We Come Apart

Buy WE COME APART by Sarah Crossan and Brian Conaghan

Ever since Jess’s brother Liam left, her and her mother’s lives have become irredeemably miserable, with her mother’s boyfriend Terry forcing Jess to film him as he beats hell out of her mum. Terrified, but just as terrified of letting that show, Jess has no one to talk to, no one to ask for help. Nobody listens when you’re a poor kid living on a dead-end estate, not even the best friend who lands you in trouble to save herself.

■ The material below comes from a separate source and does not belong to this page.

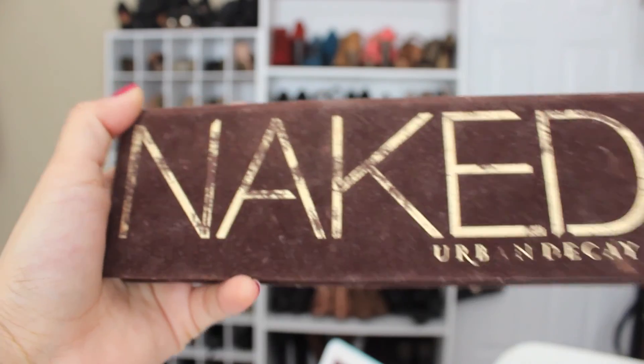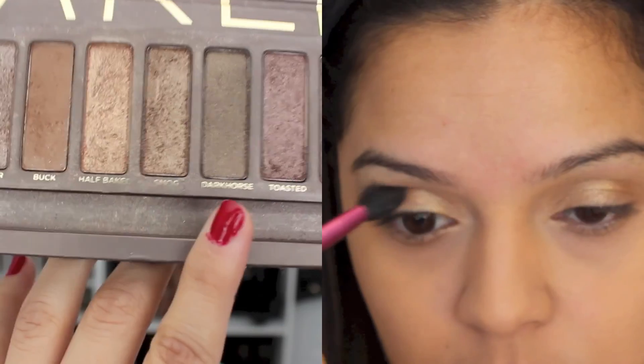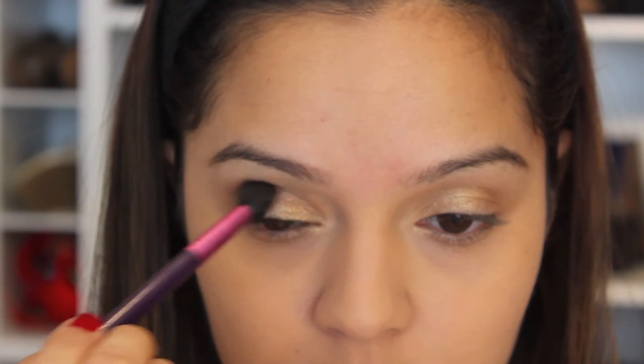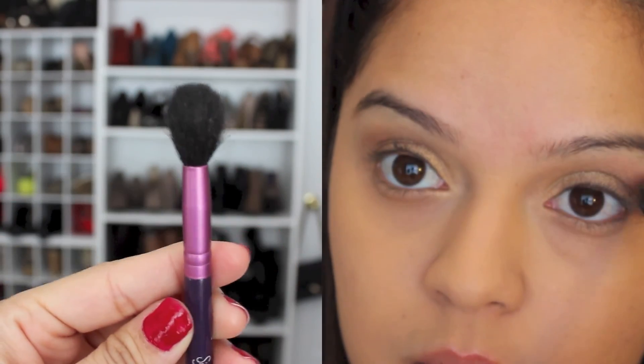Now I'm going to be taking my Naked 1 palette and using the color Toasted, which is a very pretty brown plummy shimmery color, and I'm going to apply that onto my crease — this is just going to give my eyes a little more depth. I'll be using the fluffy Sigma E45 brush for this.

Nicu does not go to school, but then, Nicu does not do most things that other teenagers in Britain do. His Romany parents aren’t planning to stay in London for long. Indeed, as soon as they can arrange a marriage for Nicu, they’re going back home. In the meantime Nicu can help his dad selling scrap metal – some of which might not actually be theirs to sell. Duly caught, Nicu is forced to go to school, but also do community service, where he meets a similarly isolated girl named Jess.

This is a romance with sharp teeth. It’s not really about love, but about how two people are driven together from circumstances that couldn’t be more different on the surface, and who are both trying to tear themselves away from an existence they can’t tell anyone about – except each other.

I’m not so cynical about novels written in blank verse since reading Sarah Crossan’s One late last year. This one has more grit and edge than One, perhaps brought out by her collaboration with When Mr Dog Bites author Brian Conaghan. I don’t know who wrote what, whether they each took a character, or worked on both together, but it works seamlessly.

The ending is a bit abrupt, but probably appropriate. Jess and Nicu’s stories could continue, but they’d go somewhere new, and that’s not what this novel’s about. I wouldn’t mind reading that one, though, even if there are no plans to ever write it.

When Mr Dog Bites

Sixteen-year-old Dylan Mint has Tourette’s, which automatically makes this the most profane teen novel I’ve ever read. However, it’s not just a whistle-stop tour of a little understood syndrome, because at the beginning of When Mr Dog Bites, Dylan overhears a doctor telling his mum that life as Dylan knows it will end in only a few months’ time.

Fearful of his impending demise, Dylan quickly sketches out his bucket list. The internet is no use here, despite offering hundreds of suggestions, because Dylan doesn’t want to go skydiving naked, and he would much rather have sex for the first time in a bed instead of on a train. (Naturally, that one goes top of the list.) With so much to do but so little time, Dylan decides to limit the list to three goals, and the others involve finding a replacement best friend for his autistic mate Amir, and finding a way to get his dad back from serving in Iraq before one of them dies.

Of course, it’s just possible that Dylan’s jumping to conclusions has launched him into his own little comedy of errors.

The comparisons with The Curious Incident of the Dog in the Night-time are obvious. Like Christopher Boone, Dylan is quite endearingly innocent to begin with, and the story follows his journey as he discovers the complexities of adult life. He’s basically a normal teenager with an unusual perspective on the world due to his condition, and ultimately this ends up not a novel about Tourette’s, but a story about wanting to fit in.

There’s grimness (well, it is set in a rough part of Glasgow) and sadness en route, but it ends up being quite sweet and funny. It demystifies Tourette’s, makes it seem less odd, thanks to its brilliantly written narrator.